The present invention relates to an automatic transmission network restoring system and, more particularly, to a system for automatically restoring a transmission line in trouble in a communication network comprising a synchronous optical transmission network, a plurality of nodes having a function of controlling the switching of a plurality of path terminating points for a synchronous transmission signal path add/drop function, and a network controller for controlling the whole communication network with the synchronous optical transmission network and nodes.
This type of synchronous optical transmission network is called SONET (Synchronous Optical Network), and FIG. 14 shows the schematic system structure of the system. Referring to FIG. 14, the system comprises DCSs (Digital Cross-connect Systems) 2-1 to 2-6 and ADMs (Add-Drop Multiplexers) 3-1 to 3-10 provided on transmission lines connecting adjacent ones of the DCSs 2-1 to 2-6. The ADMs 3-1 to 3-10 are nodes basically having the add-drop function with respect to the signal path called STS (Synchronous Transport Signal) path. FIG. 15 shows a specific example of node structure.
The node structure as illustrated comprises terminals 30a to 30c, as shown in FIG. 2. The terminals 30a to 30c have the same structure, and only the terminals 30a and 30b are shown in detail for the sake of brevity. Physical terminal parts 31a and 31b convert the optical signal inputted to the ADM 3 into the electric signal and also convert the internally generated electric signal into the optical signal to be transmitted to the outside.
Section terminal parts 32a and 32b insert and extract a section over-head into and out of the transmission signal. Line terminal parts 33a and 33b insert and extract line over-head into and out of transmission signal. Line protection switching parts 34a and 34b select normal one of prevailing system/spare system optical fibers having a redundant system switching structure by using K1 and K2 bytes as APS bytes of APS (Automatic Protection Switching) protocol processing transferred between opposite ADMs. STS pointer processing parts 35a and 35b take out the STS payload envelope with H1 and H2 bytes in the line over-head and add an appropriate over-head containing H1 and H2 in the STS payload.

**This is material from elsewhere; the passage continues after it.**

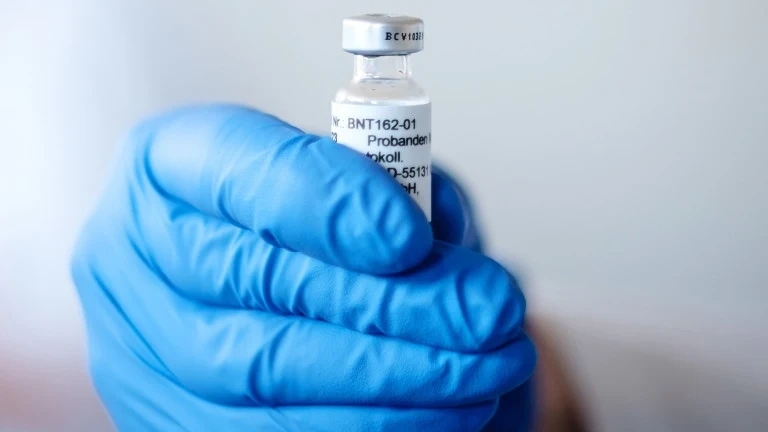 Първата поставена ваксина на Pfizer в САЩ вече е факт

STS path terminal/monitor parts 36a and 36b take out and insert the path over-head from and into the STS payload envelope. An STS path switch 42 is a matrix switch having pluralities of STS payload capacity input and output terminals, and it can connect and disconnect the input and output terminals of the terminals 30a to 30c. The STS path switch 42 has a plurality of path terminal points IDo to IDn, which are switching controlled for inputting and outputting the data to and out of them. For the switching control of the terminal points IDo to IDn, an identifier ID specifying each of these terminal points is preliminarily provided to each thereof, and each terminal is hereinafter represented by the identifier ID.
An STS path control part 37 receives the STS path switch setting control command from a network controller 1 (see FIG. 1) for controlling the entire communication network for controlling the STS path switch 42, as well as updating data in an STS path setting data memory 371 for reflecting the prevailing (i.e., newest) connection status of the STS path switch 42.
A path terminal controller 38 reflects the path over-head status monitored by the STS path terminal/monitor parts 36a and 36b on the path terminal point control data that are stored in a path terminal point control data memory 381, and provides the data in response to the path terminal point control retrieval requests from the network controller 1 (see FIG. 1).
A line terminal point control part 39 reflects the line over-head status monitored by the line terminals 33a and 33b on the line terminal control data, and provides the data in response to the line terminal point control data retrieval requests from the network controller 1.
In a case of such system using ADMs, in which a path 101 is set between the ADMs 3-1 and 3-3 as shown in FIG. 14, in the STS path switch 42 of the ADM 3-1 the path 101 is set in that the path terminal points IDo and IDi are connected to each other. At this time, data indicating that the terminal points IDo and IDi are in connection with each other, is stored as STS path setting data in the STS path setting data memory 371 of the STS path controller 37.
In such prior art SONET, a trouble which occurs in any of the paths set between adjacent ones of the DCSs 2-1 to 2-6, can be coped with an automatic network restoration (TRANS) function, which is previously assembled in each DCS, and pertaining techniques are disclosed in Japanese Laid-Open Patent Publication No. 60-22848 and Japanese Laid-Open Patent Publication No. 64-23647.
In such prior art techniques, only paths that are set between adjacent DCSs are capable of automatic restoring by the automatic communication network restoring function. In the actual SONET, as shown in FIG. 14, the communication network includes not only DCSs but also ADMs, and a path may be set between adjacent ADMs (such as one showing as working route 101). In the prior art system, therefore, when a transmission line trouble A (see FIG. 14) takes place in the path 101 set between adjacent ADMs, the path 101 can not be restored by the prior art process of automatic restoration of path between adjacent DCSs.